INFORMATION PROVIDED -

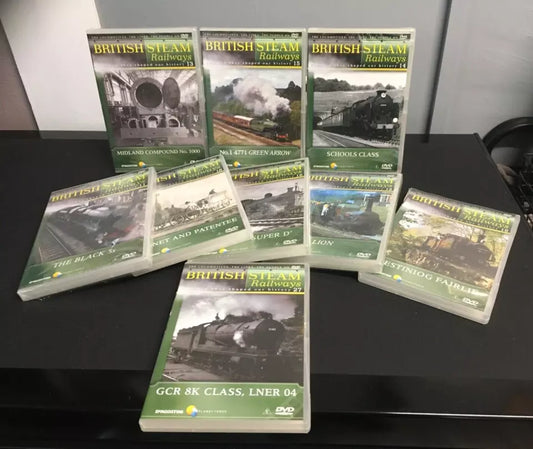 DVD Collection: DeAgostini British Steam Railways - TMD167207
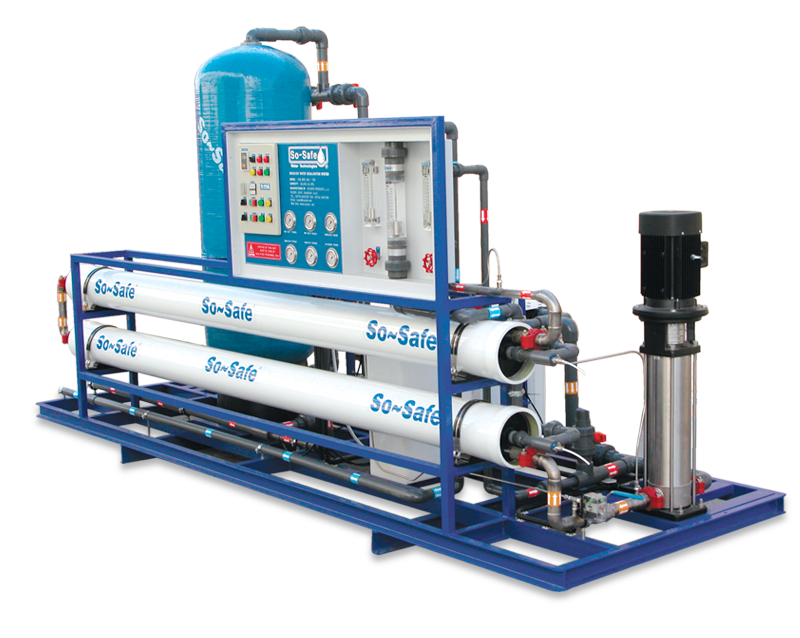Brackish Water Reverse Osmosis Systems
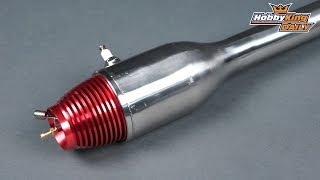 HobbyKing Daily  HobbyKing Pulse Jet Engine with Ignition System [upl. by Giguere]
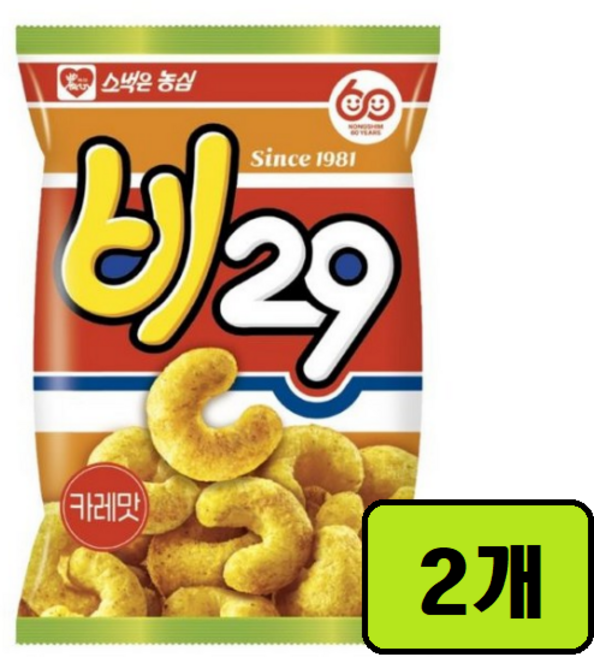 비29 카레맛, 2개, 55g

TASK TO COMPLETE -
From the line that contains "Brackish Water Reverse Osmosis Systems" through the last line of the listing, copy each line exactly; both end lines stay in, and pictures stay out.

SOLVED PROBLEM -
Brackish Water Reverse Osmosis Systems
 HobbyKing Daily  HobbyKing Pulse Jet Engine with Ignition System [upl. by Giguere]
 비29 카레맛, 2개, 55g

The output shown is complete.